Stopping at the line that holds "Jaguar XJ6 129.041", repeat the lines below exactly, starting from the very first and including that final line.

■ RECORDS FOR THE TASK:

+---+

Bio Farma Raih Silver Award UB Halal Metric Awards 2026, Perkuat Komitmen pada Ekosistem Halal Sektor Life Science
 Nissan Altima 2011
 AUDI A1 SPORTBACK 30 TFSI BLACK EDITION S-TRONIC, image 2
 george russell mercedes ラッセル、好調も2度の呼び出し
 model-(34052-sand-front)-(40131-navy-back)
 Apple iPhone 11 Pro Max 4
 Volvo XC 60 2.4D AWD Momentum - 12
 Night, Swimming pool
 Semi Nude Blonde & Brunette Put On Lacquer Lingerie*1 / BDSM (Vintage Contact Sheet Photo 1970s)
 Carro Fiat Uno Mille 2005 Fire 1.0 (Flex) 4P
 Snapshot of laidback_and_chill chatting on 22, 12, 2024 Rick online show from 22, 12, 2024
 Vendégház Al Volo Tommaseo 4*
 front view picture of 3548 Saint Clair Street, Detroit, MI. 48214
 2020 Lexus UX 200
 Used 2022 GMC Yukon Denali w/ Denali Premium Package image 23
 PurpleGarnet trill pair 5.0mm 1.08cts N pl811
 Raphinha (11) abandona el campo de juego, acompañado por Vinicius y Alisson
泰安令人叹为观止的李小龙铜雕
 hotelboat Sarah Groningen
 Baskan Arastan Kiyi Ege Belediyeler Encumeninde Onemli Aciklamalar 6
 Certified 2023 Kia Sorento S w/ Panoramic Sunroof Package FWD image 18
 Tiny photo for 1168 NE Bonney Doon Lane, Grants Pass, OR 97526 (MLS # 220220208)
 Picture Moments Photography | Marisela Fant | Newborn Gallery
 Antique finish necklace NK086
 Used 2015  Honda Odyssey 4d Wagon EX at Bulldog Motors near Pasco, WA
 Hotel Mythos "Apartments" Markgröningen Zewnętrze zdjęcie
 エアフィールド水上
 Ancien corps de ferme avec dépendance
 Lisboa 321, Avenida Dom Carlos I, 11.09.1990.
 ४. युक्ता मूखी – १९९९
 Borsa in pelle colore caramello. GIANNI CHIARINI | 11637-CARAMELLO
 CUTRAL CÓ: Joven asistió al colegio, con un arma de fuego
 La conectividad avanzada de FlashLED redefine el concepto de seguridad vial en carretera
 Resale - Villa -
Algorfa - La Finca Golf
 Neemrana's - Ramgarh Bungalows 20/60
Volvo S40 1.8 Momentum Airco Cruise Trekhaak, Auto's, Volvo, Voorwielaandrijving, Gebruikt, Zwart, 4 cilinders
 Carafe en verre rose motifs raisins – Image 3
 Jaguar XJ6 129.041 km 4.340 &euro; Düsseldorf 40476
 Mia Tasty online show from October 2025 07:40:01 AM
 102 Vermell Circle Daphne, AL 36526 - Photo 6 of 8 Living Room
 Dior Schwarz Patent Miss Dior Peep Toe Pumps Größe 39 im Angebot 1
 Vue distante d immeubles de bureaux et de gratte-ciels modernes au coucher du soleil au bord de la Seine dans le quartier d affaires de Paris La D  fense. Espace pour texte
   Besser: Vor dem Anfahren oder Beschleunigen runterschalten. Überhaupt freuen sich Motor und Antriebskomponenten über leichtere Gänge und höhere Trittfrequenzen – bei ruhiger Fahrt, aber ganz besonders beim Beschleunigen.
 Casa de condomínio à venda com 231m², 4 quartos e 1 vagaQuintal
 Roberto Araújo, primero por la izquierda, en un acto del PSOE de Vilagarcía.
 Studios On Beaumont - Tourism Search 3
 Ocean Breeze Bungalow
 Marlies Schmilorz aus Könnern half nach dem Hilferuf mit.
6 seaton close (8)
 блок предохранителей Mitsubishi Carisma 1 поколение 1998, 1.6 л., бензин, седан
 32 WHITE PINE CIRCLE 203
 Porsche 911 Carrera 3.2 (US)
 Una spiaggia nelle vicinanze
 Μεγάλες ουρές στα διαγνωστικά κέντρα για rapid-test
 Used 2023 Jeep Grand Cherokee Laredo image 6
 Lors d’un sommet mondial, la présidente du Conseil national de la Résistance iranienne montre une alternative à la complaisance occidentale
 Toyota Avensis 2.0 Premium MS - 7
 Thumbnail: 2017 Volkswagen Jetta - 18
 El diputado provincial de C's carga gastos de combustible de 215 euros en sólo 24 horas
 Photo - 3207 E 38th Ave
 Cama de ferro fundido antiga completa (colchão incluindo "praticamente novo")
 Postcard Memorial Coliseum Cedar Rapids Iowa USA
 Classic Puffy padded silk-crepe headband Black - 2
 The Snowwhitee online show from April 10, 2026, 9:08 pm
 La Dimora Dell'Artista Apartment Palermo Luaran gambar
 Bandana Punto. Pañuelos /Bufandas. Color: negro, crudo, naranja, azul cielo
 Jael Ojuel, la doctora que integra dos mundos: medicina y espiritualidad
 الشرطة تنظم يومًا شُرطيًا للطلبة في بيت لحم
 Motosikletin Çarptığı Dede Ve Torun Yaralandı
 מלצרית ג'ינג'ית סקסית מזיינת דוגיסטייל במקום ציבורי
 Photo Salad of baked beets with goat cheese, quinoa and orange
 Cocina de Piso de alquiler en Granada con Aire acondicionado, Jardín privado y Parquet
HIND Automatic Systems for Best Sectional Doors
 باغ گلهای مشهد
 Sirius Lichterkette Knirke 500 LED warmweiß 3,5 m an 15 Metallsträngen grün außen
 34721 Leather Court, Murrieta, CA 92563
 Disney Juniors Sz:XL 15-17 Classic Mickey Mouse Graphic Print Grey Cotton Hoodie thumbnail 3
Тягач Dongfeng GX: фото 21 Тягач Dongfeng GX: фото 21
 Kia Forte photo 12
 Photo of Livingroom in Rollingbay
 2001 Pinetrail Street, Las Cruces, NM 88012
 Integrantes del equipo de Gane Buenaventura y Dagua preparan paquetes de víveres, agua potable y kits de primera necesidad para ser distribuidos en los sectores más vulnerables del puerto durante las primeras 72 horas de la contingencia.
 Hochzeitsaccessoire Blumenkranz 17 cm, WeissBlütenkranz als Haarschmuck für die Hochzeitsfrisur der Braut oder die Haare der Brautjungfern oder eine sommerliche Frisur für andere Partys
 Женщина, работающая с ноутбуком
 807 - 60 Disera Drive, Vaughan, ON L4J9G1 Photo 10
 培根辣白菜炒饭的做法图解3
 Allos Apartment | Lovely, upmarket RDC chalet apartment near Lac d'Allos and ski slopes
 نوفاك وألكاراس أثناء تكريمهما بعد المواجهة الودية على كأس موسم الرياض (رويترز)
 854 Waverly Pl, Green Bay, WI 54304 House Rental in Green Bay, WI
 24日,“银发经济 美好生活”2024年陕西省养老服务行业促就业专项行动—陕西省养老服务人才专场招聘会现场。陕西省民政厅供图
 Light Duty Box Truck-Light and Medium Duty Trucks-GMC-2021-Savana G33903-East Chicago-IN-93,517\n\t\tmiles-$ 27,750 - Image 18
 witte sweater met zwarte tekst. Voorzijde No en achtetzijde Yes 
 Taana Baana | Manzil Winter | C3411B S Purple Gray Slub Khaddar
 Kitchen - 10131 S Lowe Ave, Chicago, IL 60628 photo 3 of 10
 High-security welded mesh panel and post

+---+

■ SOLVED EXERCISE:
Bio Farma Raih Silver Award UB Halal Metric Awards 2026, Perkuat Komitmen pada Ekosistem Halal Sektor Life Science
 Nissan Altima 2011
 AUDI A1 SPORTBACK 30 TFSI BLACK EDITION S-TRONIC, image 2
 george russell mercedes ラッセル、好調も2度の呼び出し
 model-(34052-sand-front)-(40131-navy-back)
 Apple iPhone 11 Pro Max 4
 Volvo XC 60 2.4D AWD Momentum - 12
 Night, Swimming pool
 Semi Nude Blonde & Brunette Put On Lacquer Lingerie*1 / BDSM (Vintage Contact Sheet Photo 1970s)
 Carro Fiat Uno Mille 2005 Fire 1.0 (Flex) 4P
 Snapshot of laidback_and_chill chatting on 22, 12, 2024 Rick online show from 22, 12, 2024
 Vendégház Al Volo Tommaseo 4*
 front view picture of 3548 Saint Clair Street, Detroit, MI. 48214
 2020 Lexus UX 200
 Used 2022 GMC Yukon Denali w/ Denali Premium Package image 23
 PurpleGarnet trill pair 5.0mm 1.08cts N pl811
 Raphinha (11) abandona el campo de juego, acompañado por Vinicius y Alisson
泰安令人叹为观止的李小龙铜雕
 hotelboat Sarah Groningen
 Baskan Arastan Kiyi Ege Belediyeler Encumeninde Onemli Aciklamalar 6
 Certified 2023 Kia Sorento S w/ Panoramic Sunroof Package FWD image 18
 Tiny photo for 1168 NE Bonney Doon Lane, Grants Pass, OR 97526 (MLS # 220220208)
 Picture Moments Photography | Marisela Fant | Newborn Gallery
 Antique finish necklace NK086
 Used 2015  Honda Odyssey 4d Wagon EX at Bulldog Motors near Pasco, WA
 Hotel Mythos "Apartments" Markgröningen Zewnętrze zdjęcie
 エアフィールド水上
 Ancien corps de ferme avec dépendance
 Lisboa 321, Avenida Dom Carlos I, 11.09.1990.
 ४. युक्ता मूखी – १९९९
 Borsa in pelle colore caramello. GIANNI CHIARINI | 11637-CARAMELLO
 CUTRAL CÓ: Joven asistió al colegio, con un arma de fuego
 La conectividad avanzada de FlashLED redefine el concepto de seguridad vial en carretera
 Resale - Villa -
Algorfa - La Finca Golf
 Neemrana's - Ramgarh Bungalows 20/60
Volvo S40 1.8 Momentum Airco Cruise Trekhaak, Auto's, Volvo, Voorwielaandrijving, Gebruikt, Zwart, 4 cilinders
 Carafe en verre rose motifs raisins – Image 3
 Jaguar XJ6 129.041 km 4.340 &euro; Düsseldorf 40476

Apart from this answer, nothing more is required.